It's really more about what you want to do in music. If you wanna play classical guitar or piano or violin, etc. - you better know how to read. If you want to be a studio musician you at least need to be able to read a chord chart and understand all the symbols that relate to the key, tempo and form of whatever piece.

I just got this and about 60 more pages similar to it for a musical show I'll be doing next week. Obviously 'reading' is mandatory.

Attached Image

If you just want to write songs, record your songs, maybe have a band ... you don't need to know how to read music.

Even at the remedial level it is really helpful for communication. Let's say you want a real cellist to play some lines in your song - sure, you can sing it to them but if you can at least notate the part, even a little bit you'll 1) make it easier to get done what you need in a timely fashion and 2) get some respect from the cellist.

At the very least, if you can read a little bit, you'll have access to a lot of music that's not available in TAB or as a YT lesson. Especially classical music, jazz and a lot of traditional music.


Well said. As I said above "you can run without shoes, but you might run better with shoes", and maybe it was kind of a bad analogy, but I agree with your assessment hear.

Of course I'm not well versed in actual sheet, and I mostly use Guitar Pro - but I still think it differs from your standard text-based tabs. It has the sheet music above, and I actively use that in terms of "seeing" melody lines, movement, rhythm and all those things. I.e. tab is more so determining whether I'd play the E on the high e string, 9th from of the G etc. and it can help navigate where to play certain things more effectively perhaps - i.e. instead of 0-2-3-5 on the high e-string, you might want to move that starting note to the B string. Just an example anyway. I think knowing sheet is valuable - depending on the situation you're in. Even in band practice, I think it can be useful and relays information much quicker and effectively allows you to focus elsewhere rather than struggling to get information across.

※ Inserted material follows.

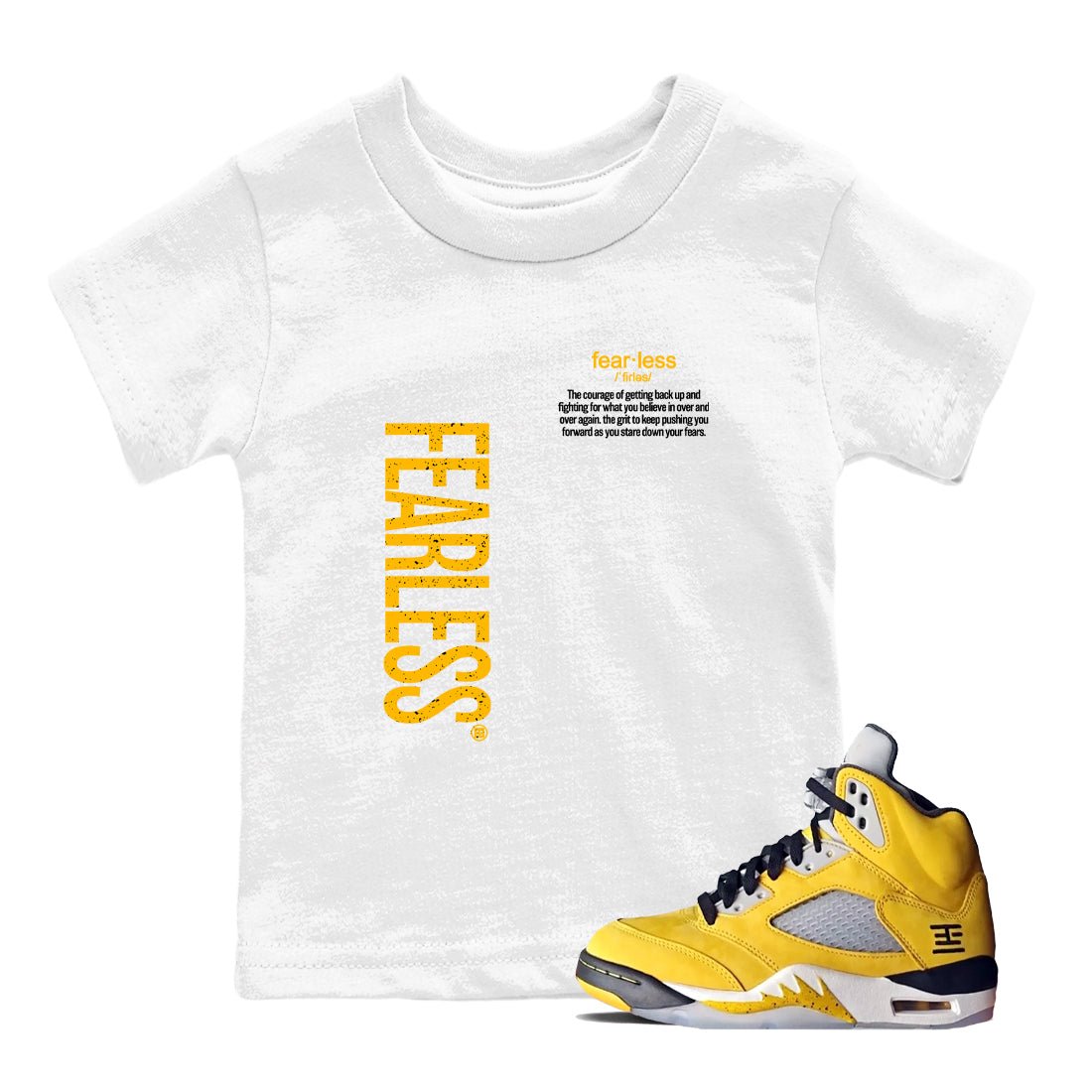 Fealess Definition baby and kids t-shirt crafted for little sneakerheads to shine with the 5s Tokyo sneakers, displayed in White 1.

This is not to say one's ear shouldn't be a focus too, by the way. Notation has taught me a lot though, and while I'm no Beethoven (who went deaf, if I recall correctly) I actually feel comfortable enough that I could go on writing music should I lose my hearing. I know (to some extent) what works and what doesn't. I.e. movement between chords, melody lines and so on. And a lot of that - for me - is down to notation.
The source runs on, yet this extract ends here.